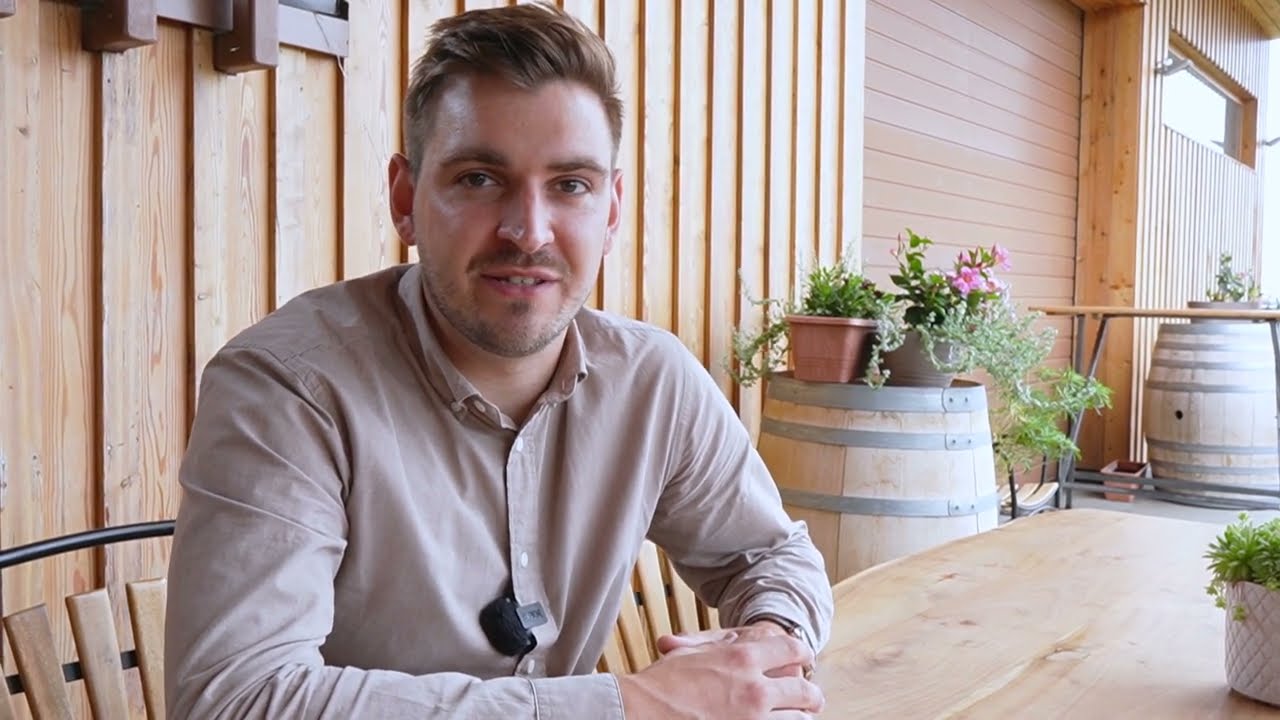 Hosted by family - Vino Valdhuber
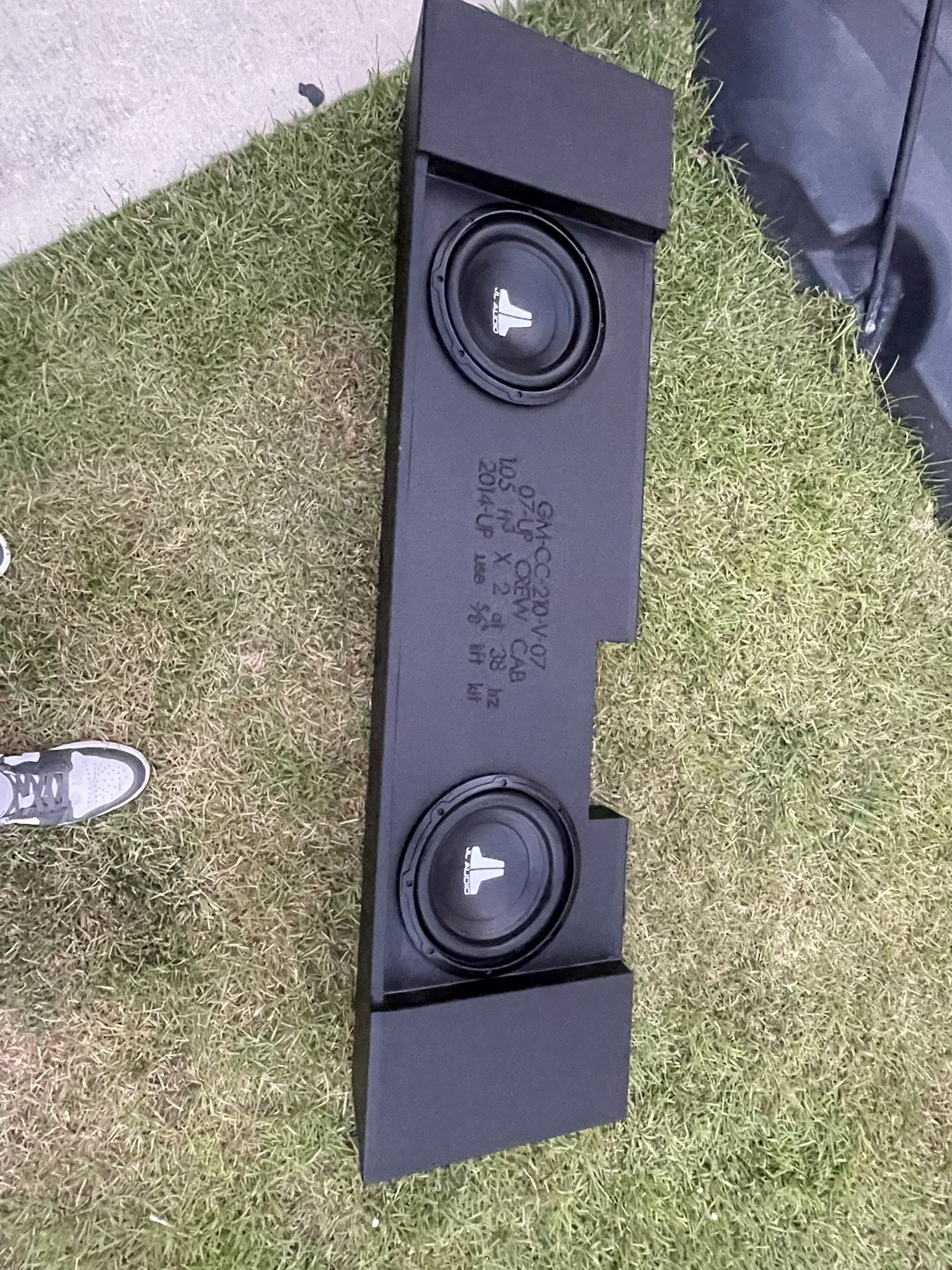 JL 10’s In Fox Box Chevy/GMC Sound System 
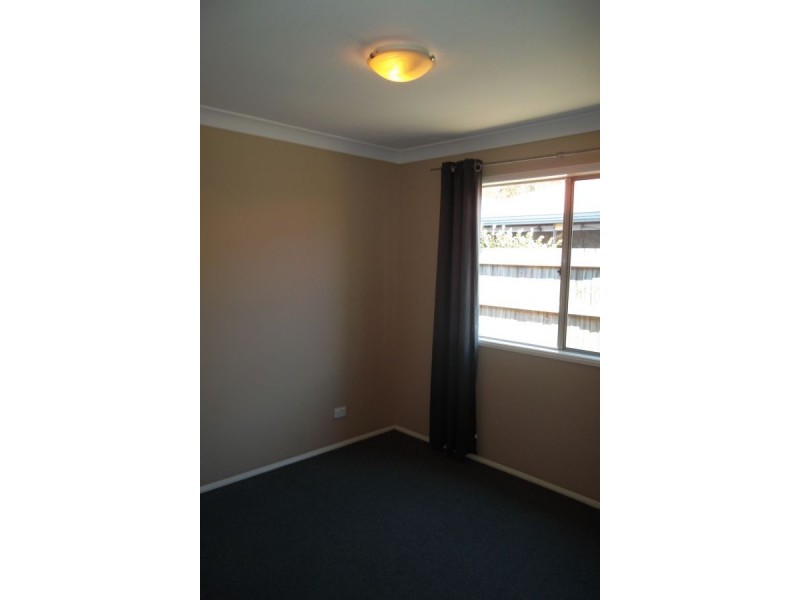 8 Mcclelland St, Sippy Downs QLD 4556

__EXERCISE__
The required output is an exact copy of the lines from the one with "JL 10’s In Fox Box Chevy/GMC Sound System" through the final line of the data above, with pictures removed.

__RESPONSE FOR THIS EXERCISE__
 JL 10’s In Fox Box Chevy/GMC Sound System 
 8 Mcclelland St, Sippy Downs QLD 4556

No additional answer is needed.